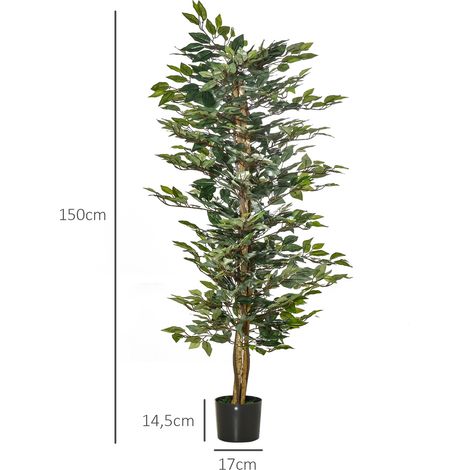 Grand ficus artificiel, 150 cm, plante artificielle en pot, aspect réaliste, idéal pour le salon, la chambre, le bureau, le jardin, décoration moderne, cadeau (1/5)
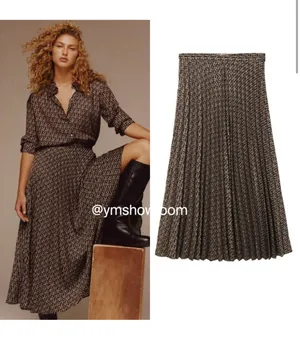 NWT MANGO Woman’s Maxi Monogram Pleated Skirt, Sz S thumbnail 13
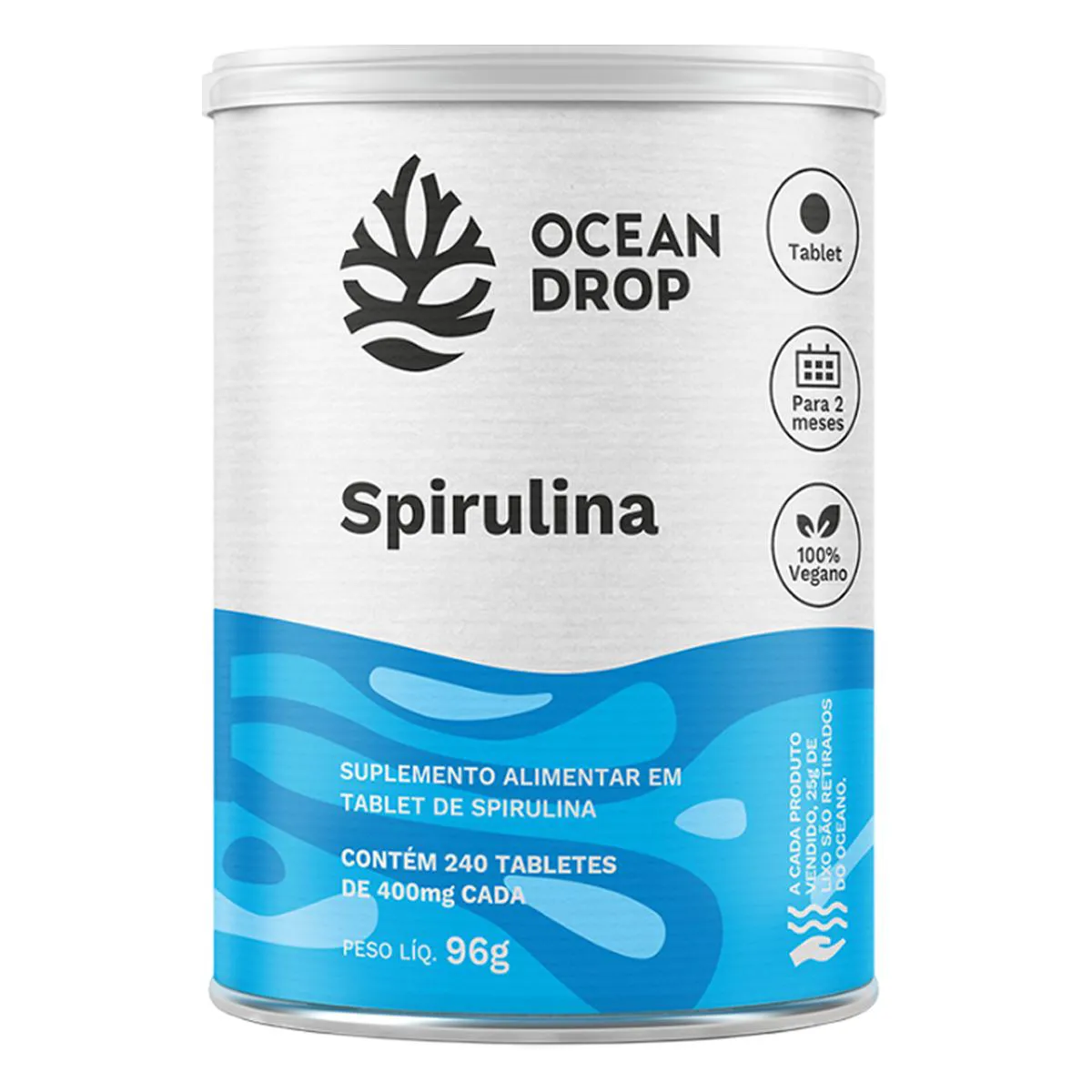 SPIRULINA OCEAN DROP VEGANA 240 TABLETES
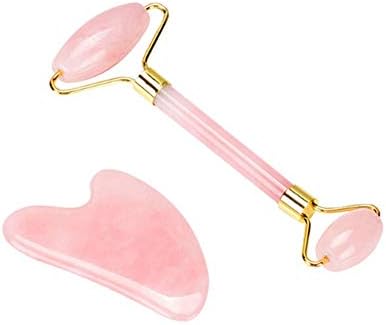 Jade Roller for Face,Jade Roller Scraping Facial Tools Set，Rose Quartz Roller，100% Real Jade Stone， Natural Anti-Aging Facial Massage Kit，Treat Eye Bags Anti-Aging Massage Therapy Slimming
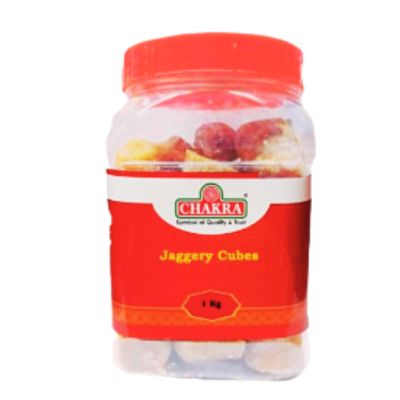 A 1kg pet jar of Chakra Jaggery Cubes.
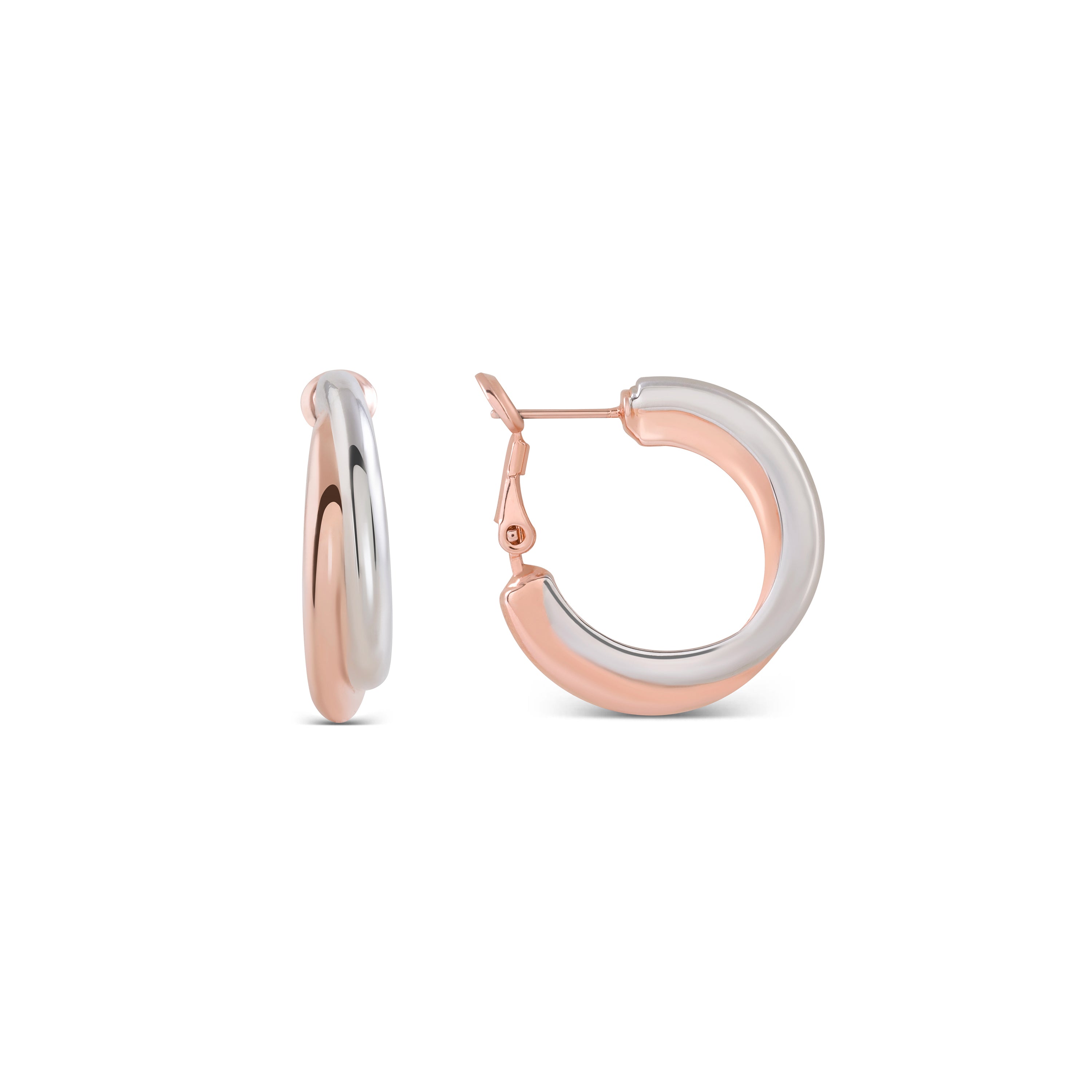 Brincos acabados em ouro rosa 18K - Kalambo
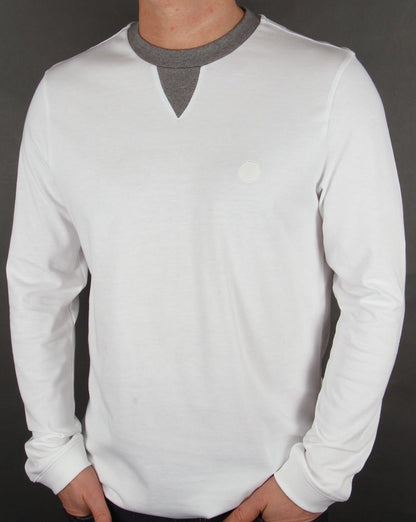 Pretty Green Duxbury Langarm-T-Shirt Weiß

### [YOUR OBJECTIVE]
Print the stretch of the data from the line with "NWT MANGO Woman’s" through its last line, exactly and with both ends kept. Omit pictures.

### [RESPONSE TO THE EXERCISE]
 NWT MANGO Woman’s Maxi Monogram Pleated Skirt, Sz S thumbnail 13
 SPIRULINA OCEAN DROP VEGANA 240 TABLETES
 Jade Roller for Face,Jade Roller Scraping Facial Tools Set，Rose Quartz Roller，100% Real Jade Stone， Natural Anti-Aging Facial Massage Kit，Treat Eye Bags Anti-Aging Massage Therapy Slimming
 A 1kg pet jar of Chakra Jaggery Cubes.
 Brincos acabados em ouro rosa 18K - Kalambo
 Pretty Green Duxbury Langarm-T-Shirt Weiß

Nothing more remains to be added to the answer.